The 22 floors tall Viru Hotel was the first proper modernist tower in Tallinn, built at a time of heated discussions about high-rises in the city centre. One of the main reasons behind these discussions was the vicinity of the mediaeval old town of Tallinn.
The hotel was part of the state owned Inturist hotel chain that operated hotels to accommodate foreigners around the Soviet Union. Most of the hotels were built next to the main square of the republican capital. The hotel in Tallinn uses a very common theme seen in many modernist high rises in the west, the main volume comprises a 23 floor high vertical slab that houses the rooms and a low 2 floor horizontal volume with restaurants and all the service spaces. The two parts form an L shape. The design is subdued, the main expressive element is the juxtaposition of dark and light materials and the deep cut in the sides of the vertical volume.

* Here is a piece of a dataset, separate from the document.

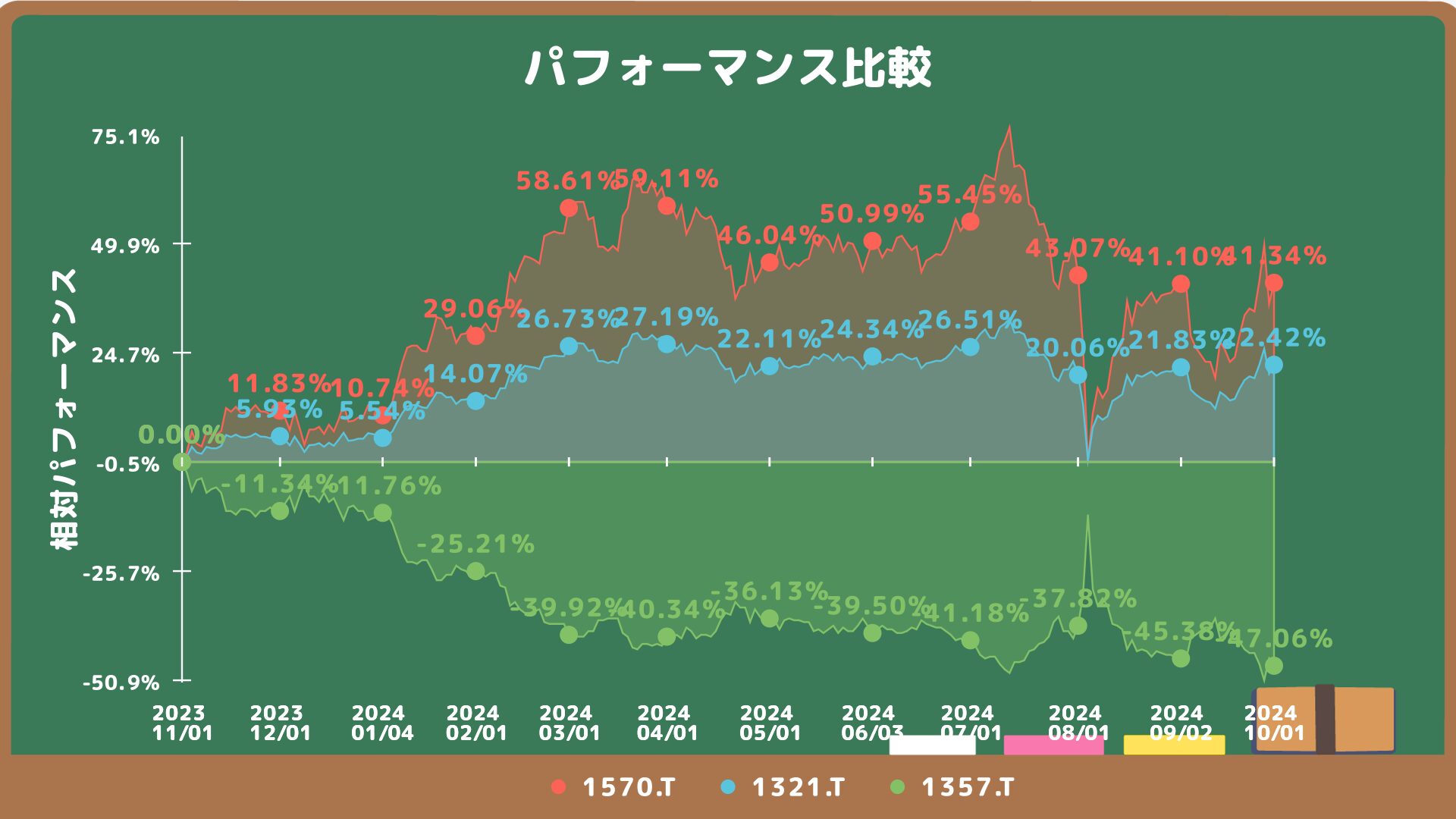 1570の推移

The first two levels of the vertical block housed the administrative rooms and the reception, and the last floor accommodated a lookout restaurant and a bar. The floors in between them had 829 rooms. The hotel was built by a Finnish contractor using western materials brought here from Finland. This gave the architects freedom to create more complex designs and to also use in-situ poured concrete. Just in case this plan could not be executed due to changes in the financing the architects also created a design using local soviet materials (i.e. prefabricated concrete slabs etc.). Unfortunately, the original interiors have been lost through later redevelopments. The original design of the hotel was noted for the uniformity of the exterior and the interior – similar use of materials and the aesthetics of simplicity connected the outside and the inside.